Android Emulation on L4T Ubuntu LTS - Possible?

Hello All,

Waiting patiently for my Nano to arrive.

I was just wondering what you guys think about android emulation on the Nano.

Is it possible in L4T Ubuntu? would the GPU performance be any good?

Just curious :-)

Thanks,
Chris.

Hi Chris,

There isn’t official Android support planned at this time, if there is interest perhaps an ecosystem partner would take a look.

Thanks

Thanks for the reply,
What I mean is android emulation within Linux on the nano not an android port for the nano.

I believe there are already android emulators built for Linux, I’m just curious if they would run on Linux for arm64 and if so how well.

Specifically on the Nano.

Thanks again!

You mean the android emulator like the one shipped with Android Studio? That relies on x86 hardware virtualization technology to work (intel haxm, amd equiv?), so it won’t work on an arm64 based board like the Nano. You can google around to see if there is a port of android emulator to arm64 that you can build for nano, but I’m not finding much on a google other than this stale question on stackoverflow.

So I did find this:
https://android.googlesource.com/platform/external/qemu/+/gradle_0.14.4/docs/BUILDING.TXT

If you’re willing to build qemu from source and do a lot of build wrangling, it might be possible to run android apps slowly, but I don’t think hardware virtualization is available in Linux on Nano (edit: and a check of /proc/cpuinfo would seem to confirm this).

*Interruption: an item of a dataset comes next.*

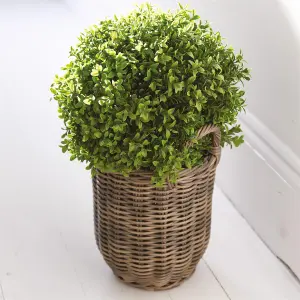 Bloom Artificial Medium Boxwood Ball Topiary in Nursery Pot - Faux Fake Realistic Green Plant - Measures H45cm x 30cm Diameter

Ah ok thanks, so they run as a vm.

Yes, but with some special cpu extensions that make it run very quickly. Without those, vms are painful unfortunately. I did start a new thread asking about whether the Nano is capable of hardware virtualization within linux. If if’s a matter of recompiling the kernel, that’s simpler than changing the way the whole thing boots if the hardware is even capable at all.

Well I guess it would be easier to figure out if hardware virtualization in general is possible on arm64.

It’s possible. My understanding is the chip has to support it and the board has to be set up to allow it as well.

Pi 3 is arm64 for example but since there is no access to EL2 (see link) things like Xen Arm can’t be run. From what I gather from skimming the docs, Nano drops to a lower execution level but the time it boots the Linux kernel so it can’t do certain things. The boot configuration would have to change, I think, but that’s just guessing. I haven’t seriously researched what would be required.